[Material provided]

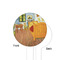 The Bedroom in Arles (Van Gogh 1888) White Plastic 4" Food Pick - Round - Single Sided - Front & Back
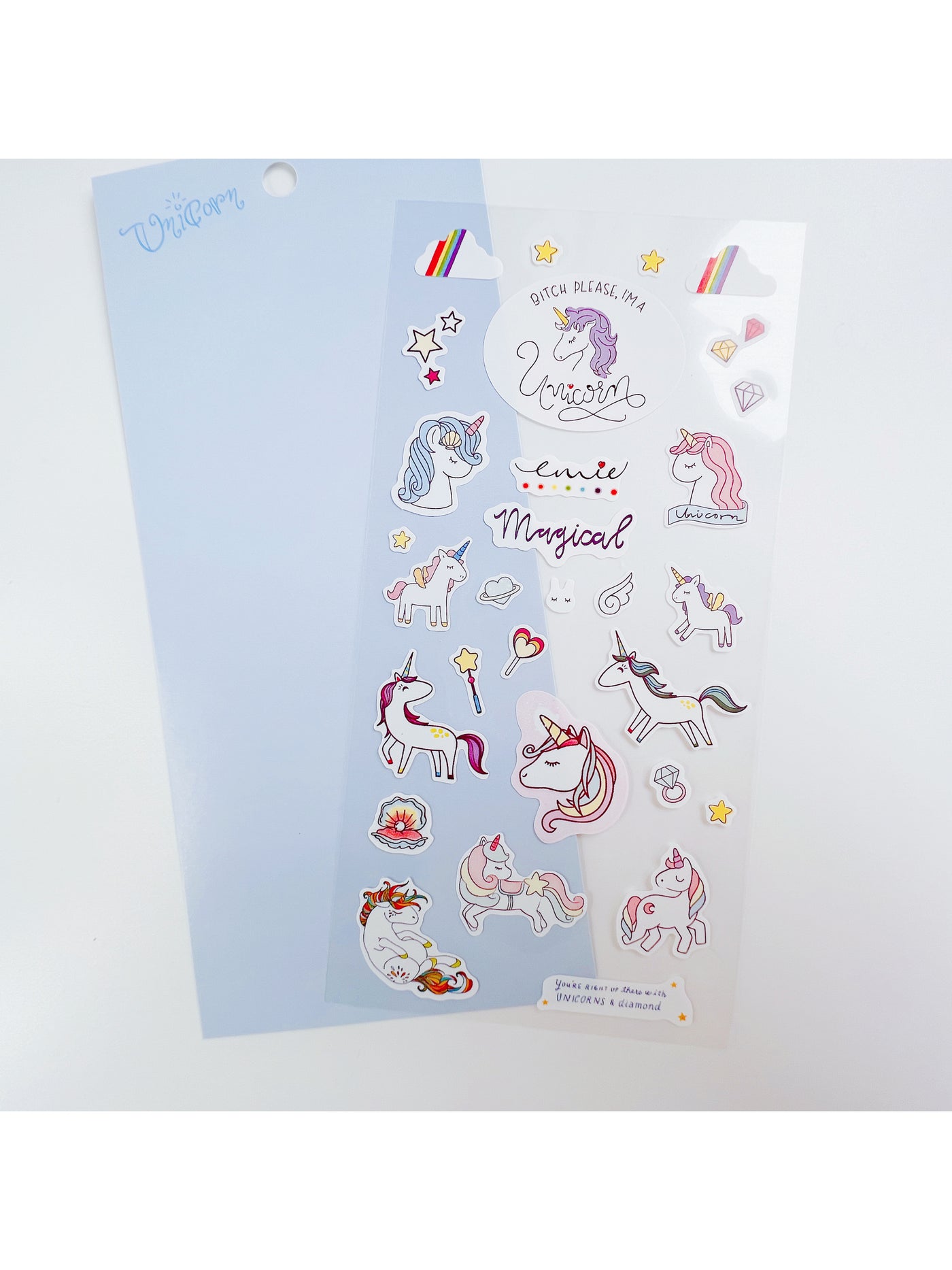 Unicorn sticker - Milky Panda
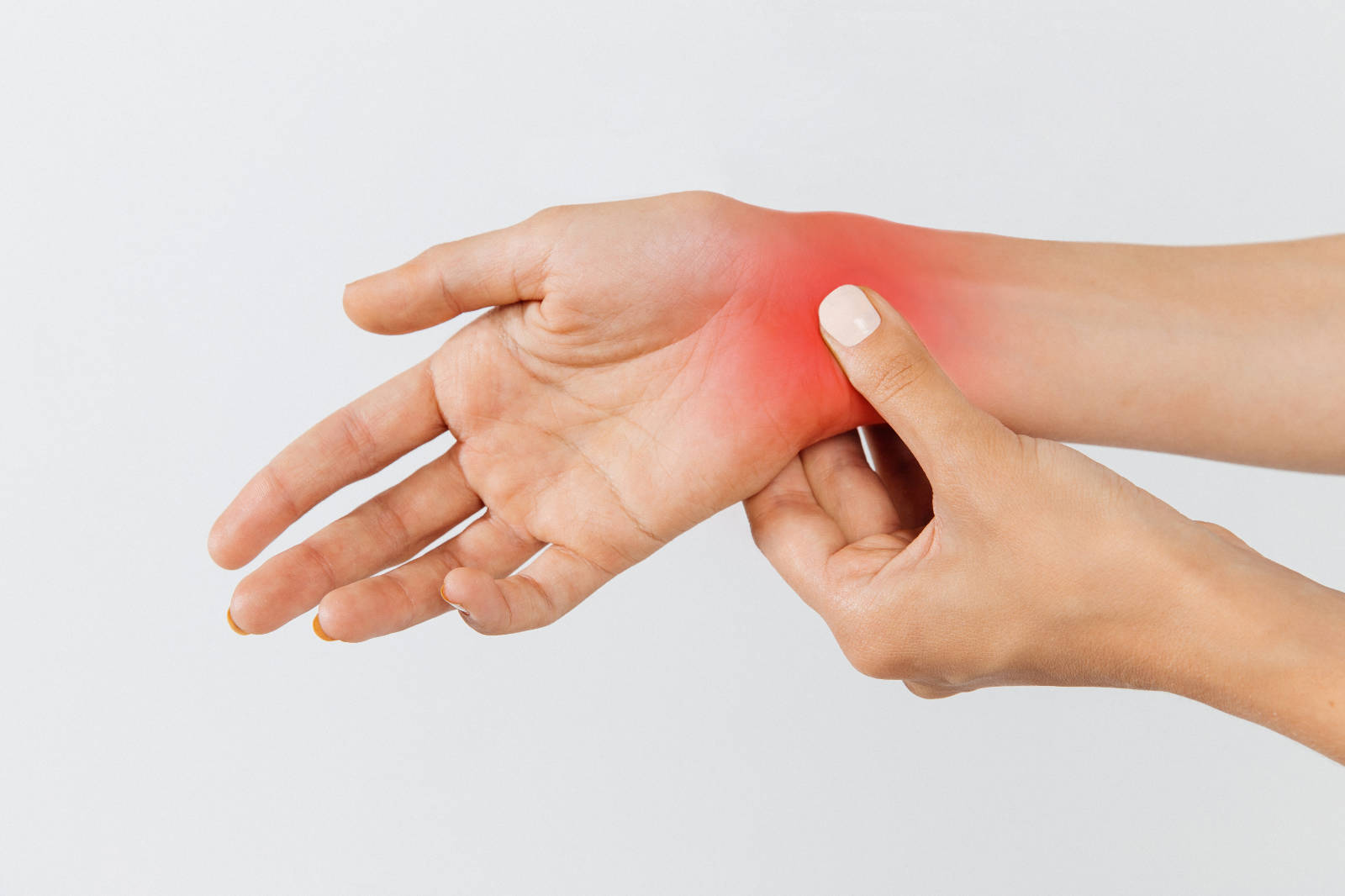 Kéztőalagút szindróma jellegzetes nyomásérzékeny pontja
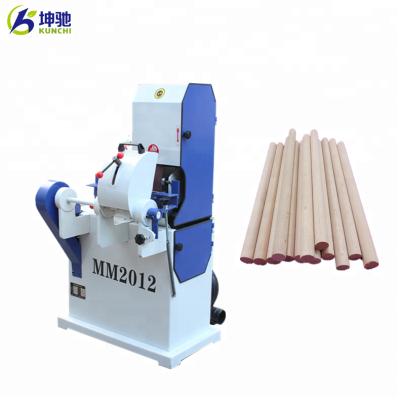 China Polishing wood rod in smooth wooden round stick sander / polishing machine supplied by KUNCHI for sale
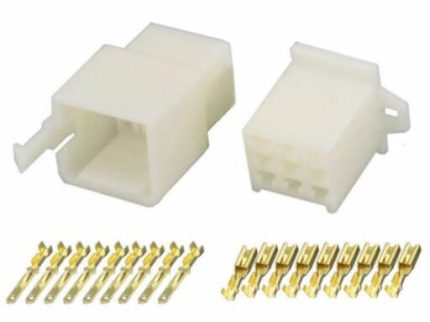 CONNECTOR 9pins for wire with TERMINALS male and female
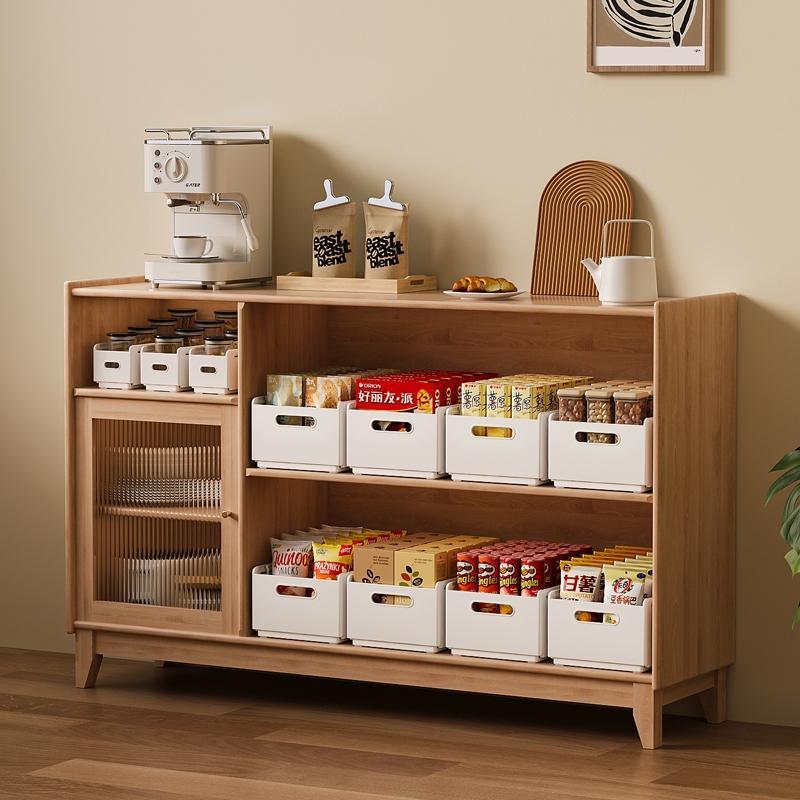 Shopclassyshop Cabinet storage box extendable tabletop organizer for snacks/kitchen deep cabinet right-angle storage box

[/Material provided]

*Your task*. Now transcribe all the entries above exactly, so that no picture is carried over.

*Output of the exercise*.
 The Bedroom in Arles (Van Gogh 1888) White Plastic 4" Food Pick - Round - Single Sided - Front & Back
 Unicorn sticker - Milky Panda
 Kéztőalagút szindróma jellegzetes nyomásérzékeny pontja
 China Polishing wood rod in smooth wooden round stick sander / polishing machine supplied by KUNCHI for sale
 CONNECTOR 9pins for wire with TERMINALS male and female
 Shopclassyshop Cabinet storage box extendable tabletop organizer for snacks/kitchen deep cabinet right-angle storage box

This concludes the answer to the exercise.